| REQUIRED WORK |
Nothing but the text should be carried over: reproduce all the data exactly and leave out every image.

| DATA EXTRACT |

Segment Open

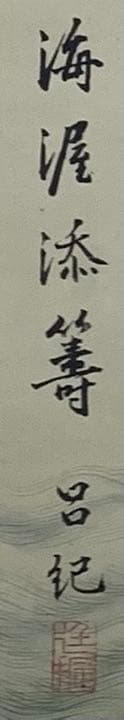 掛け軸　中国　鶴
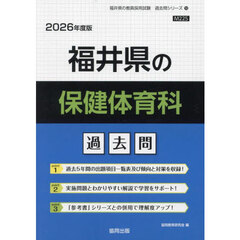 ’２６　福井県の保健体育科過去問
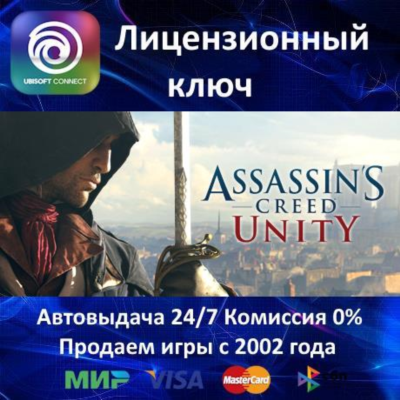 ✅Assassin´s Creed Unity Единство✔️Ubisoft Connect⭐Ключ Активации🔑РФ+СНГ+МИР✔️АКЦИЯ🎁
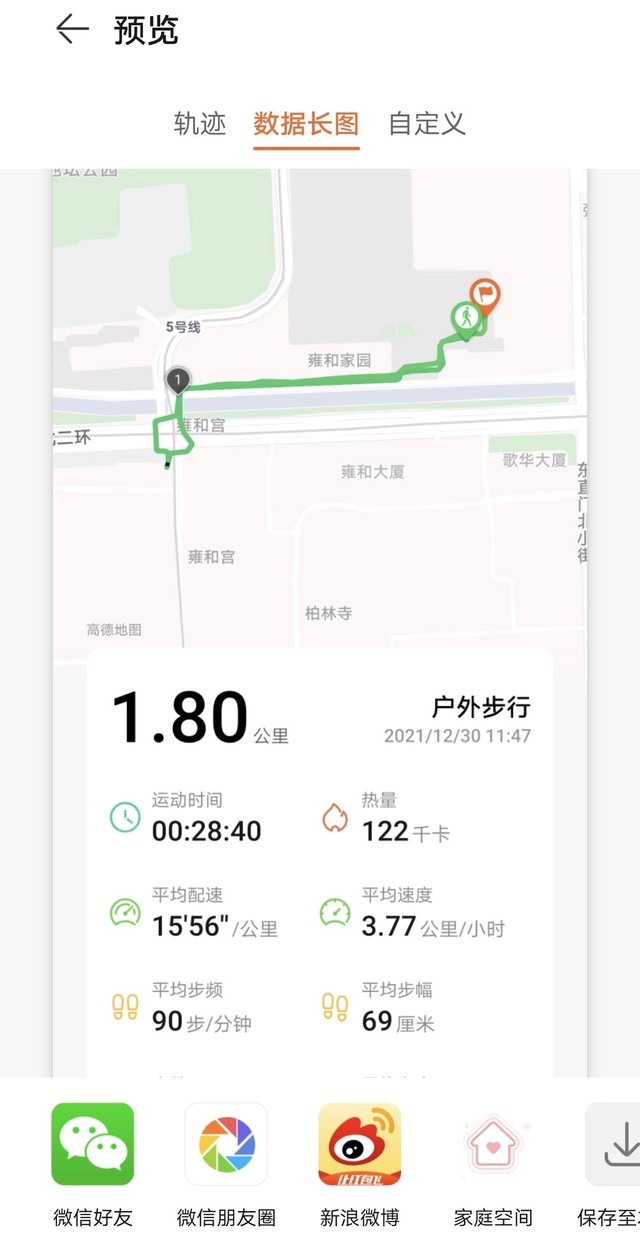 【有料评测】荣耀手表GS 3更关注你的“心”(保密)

Segment Closed

| RESULT OF THIS EXERCISE |
 掛け軸　中国　鶴
 ’２６　福井県の保健体育科過去問
 ✅Assassin´s Creed Unity Единство✔️Ubisoft Connect⭐Ключ Активации🔑РФ+СНГ+МИР✔️АКЦИЯ🎁
 【有料评测】荣耀手表GS 3更关注你的“心”(保密)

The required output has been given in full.